SENTANI- Bupati Pegunungan Bintang Spei Yan Bidana, mengaku dirinya sangat kecewa terhadap tindakan ketidakadilan dan diskriminasi yang dilakukan oleh Pemerintah Provinsi Papua Pegunungan dalam penempatan jabatan birokrasi di lingkup pemerintahan setempat.
Pernyataan itu disampaikanya, sebagai responnya sebagai bupati dan mewakili masyarakat Pegunungan Bintang, terkait pelantikan terhadap sejumlah pejabat pelaksana tugas (Plt), di lingkup Pemprov Papua Pegunungan yang sudah dilaksanakan, Rabu (18/1).
Dimana menurutnya, dalam struktur dan jabatan penting di pemerinatahan Provinsi Papua Pegunungan, tidak ada satupun pejabat asli Pegubin yang diakomodir.
“Sebagai Bupati saya sangat kecewa dengan Pemerintah Provinsi Papua Pegunungan. Kita di Pegunungan Bintang ajukan 67 orang. Itu juga tak satu pun Orang Asli Pegunungan Bintang yang diakomodir,”Kata Bupati Spei Yan Bidana, kepada media ini, Kamis (19/1).

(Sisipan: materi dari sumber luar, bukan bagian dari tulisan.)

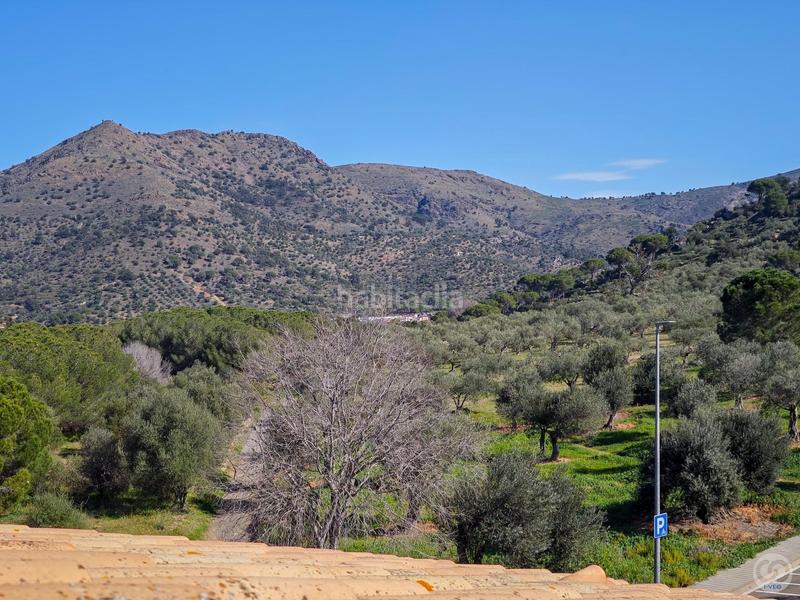 Foto 5d0ecdac-e8ad-4676-b229-a115c8c11e52. Casa villa de lujo con amplios espacios, jardín privado y garaje para 2 coches. disfruta de vistas panorámicas, acabados de al en Roses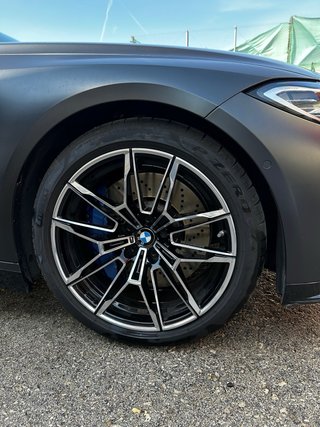 BMW M4 competition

Padahal kata dia, dari 8 kabupaten yang masuk dalam provinsi baru itu, pihaknya melalui Asosiasi Bupati sudah sepakat untuk masing masing kabupaten mengajukan dan mendapat jatah masing-masing dua pejabat eselon II. Sementara untuk mutasi pegawai setiap kabupaten 100 orang. Adapun pejabat dari Pemkab Pegubin yang diakomodir, namun bukan dari pejabat orang asli Pegunungan Bintang.
“Ada tapi teman-teman dari luar Pegunungan Bintang seperti Plt Kepala BKD, Plt Kepala Pekerjaan Umum dan kemarin sekitar 4 orang,” tegasnya.
Menurut Bupati Spei, fakta hari ini membuktikan bahwa kekuatiran pemerintah dan seluruh elemen masyarakat Pegunungan Bintang yang pada Juni 2022 yang kemudian melakukan demonstrasi besar-besaran menolak bergabung dengan Provinsi Papua Pegunungan menjelang pengesahan Undang-Undang Daerah Otonomi Baru (DOB) itu, kini benar-benar terjadi. Bahkan kata dia, pengalaman dan perlakukan diskriminatif yang dialami masyarakat Pegunungan Bintang selama 40 tahun bergabung dengan Kabupaten Jayawijaya kini terulang kembali.
“Kami tetap menjadi wilayah yang tidak diperhitungkan dalam pemerintahan, pelayanan kemasyarakatan, dan pembangunan perekonomian. Dulu kami tolak bergabung dengan provinsi ini karena tiga alasan. Pertama, kami susah akses ekonomi ke Wamena karena sangat jauh. Kedua, SDM yang kami siapkan juga tidak akan dipakai. Ketiga, aspek ketidakadilan pembangunan. Jadi saya sebagai bupati sangat kecewa dengan kebijakan yang dilakukan oleh pemerintahan Pj Gubernur sekarang,”tegasnya.
Karena itu dengan tegas dia meminta Pemerintah Provinsi Papua Pegunungan harus mengkaji dan merombak ulang eselonisasi yang sudah dilakukan dengan mengakomodir secara adil seluruh SDM aparatur dari 8 kabupaten, dimana tidak hanya Kabupaten Pegunungan Bintang, tetapi juga 3 kabupaten lain yang bernasib serupa yakni Yahukimo, Nduga dan Yalimo.
“Semacam ada stigma bahwa kami yang dari wilayah ini tidak mampu. Untuk apa pemekaran provinsi kalau sama saja kami tidak diberdayakan. Kami akan minta Penjabat Gubernur Papua Pegunungan untuk mengkaji kembali kebijakannya dan mengakomodir secara adil seluruh kabupaten. Provinsi ini milik rakyat di 8 kabupaten itu, bukan hanya milik suku tertentu,”Pungkasnya. (roy/gin).